*Exercise*. Lines before the one containing "Chaises longues 182" are not wanted; restate the rest below word for word, through the last line, but drop any pictures.

Items from a data source:

============================================================

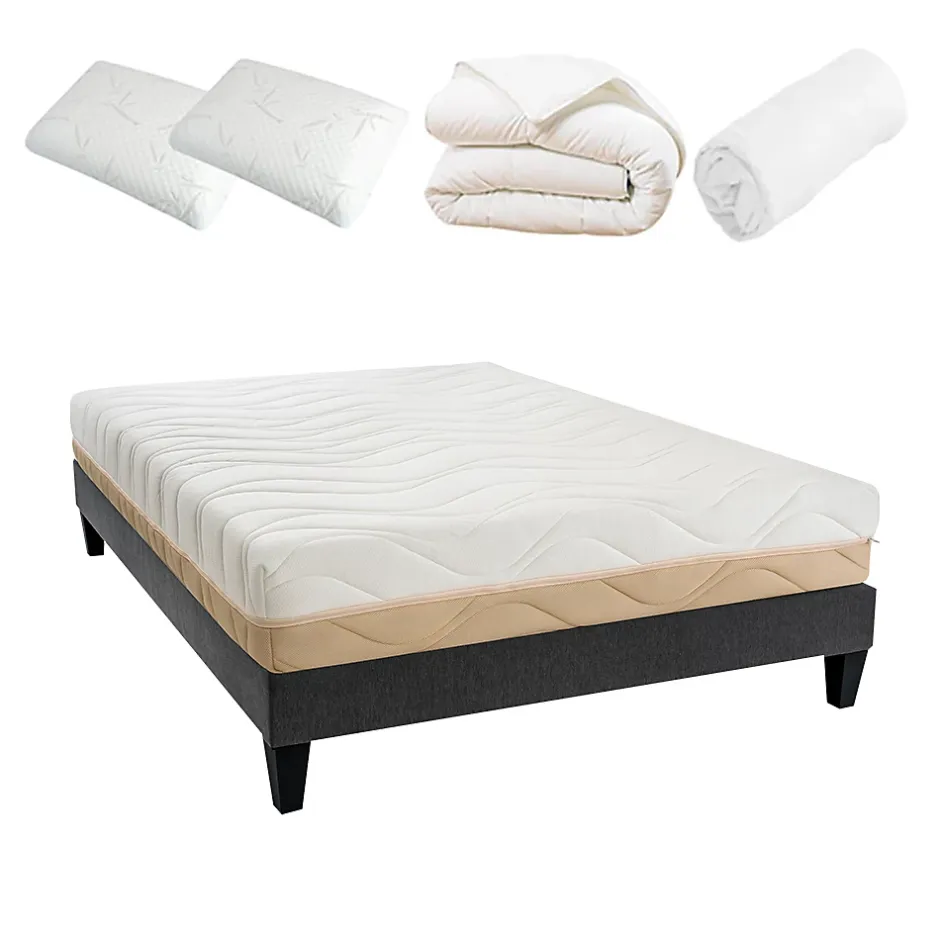Bellecour Pack Leman 140x200 cm Matelas Mousse + Sommier Bois + Accessoires Hot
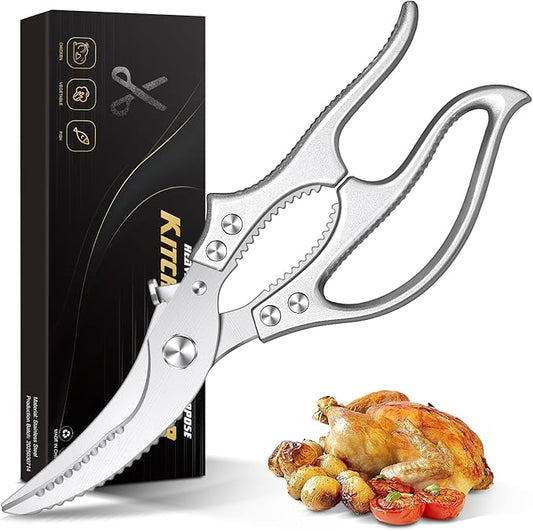 Poultry Shears – Heavy Duty Kitchen Shears & Multipurpose Kitchen Scissors for Meat, Chicken, Fish & Vegetables, High Carbon Stainless Steel, Safety Lock, Dishwasher Safe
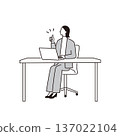 A female business person posing good in front of a laptop 137022104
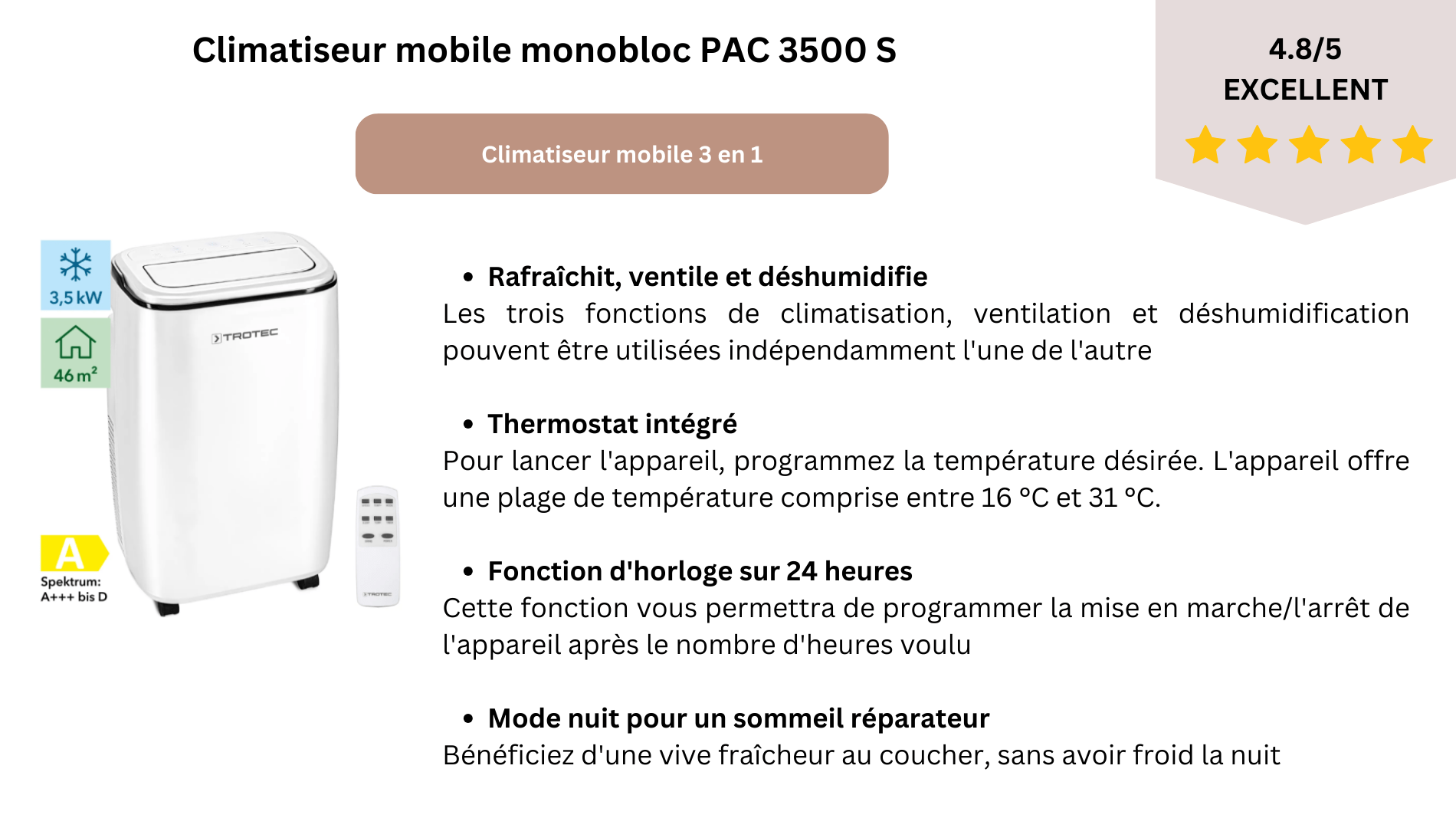 Climatiseur local monobloc PAC 3500 S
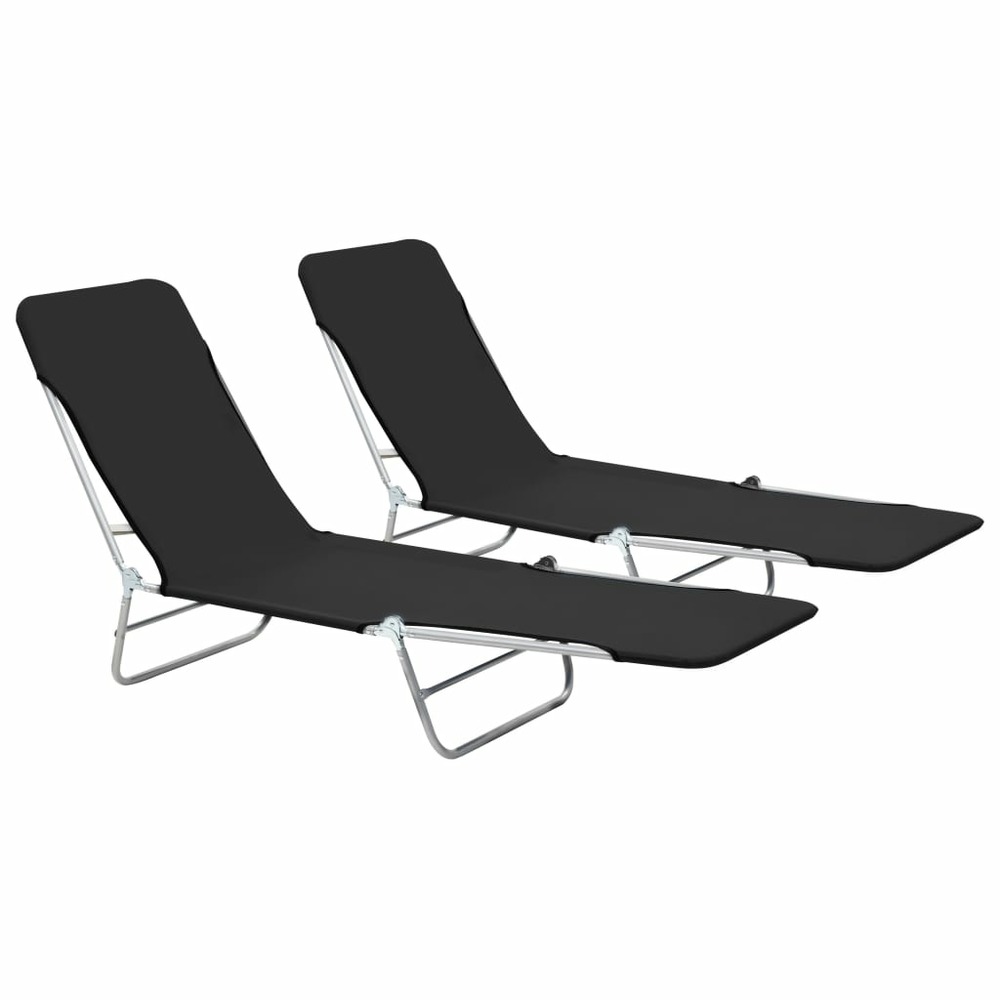 Chaises longues 182 cm pliables 2 pièces acier et tissu noir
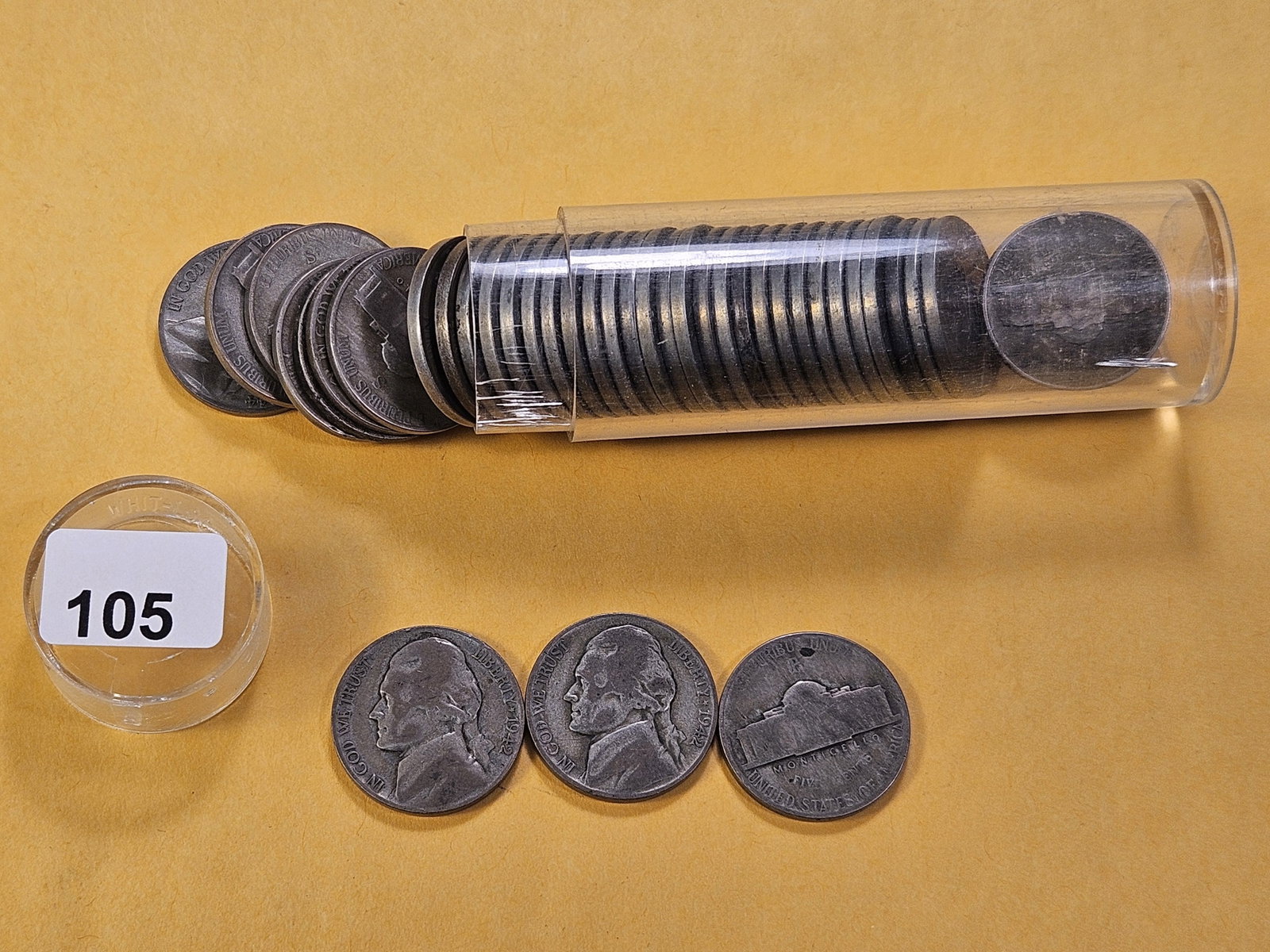 Thirty-Eight Jefferson Wartime Silver Nickels: Wartime Silver Nickels! Mixed dates and grades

============================================================

*Written response*.
 Chaises longues 182 cm pliables 2 pièces acier et tissu noir
 Thirty-Eight Jefferson Wartime Silver Nickels: Wartime Silver Nickels! Mixed dates and grades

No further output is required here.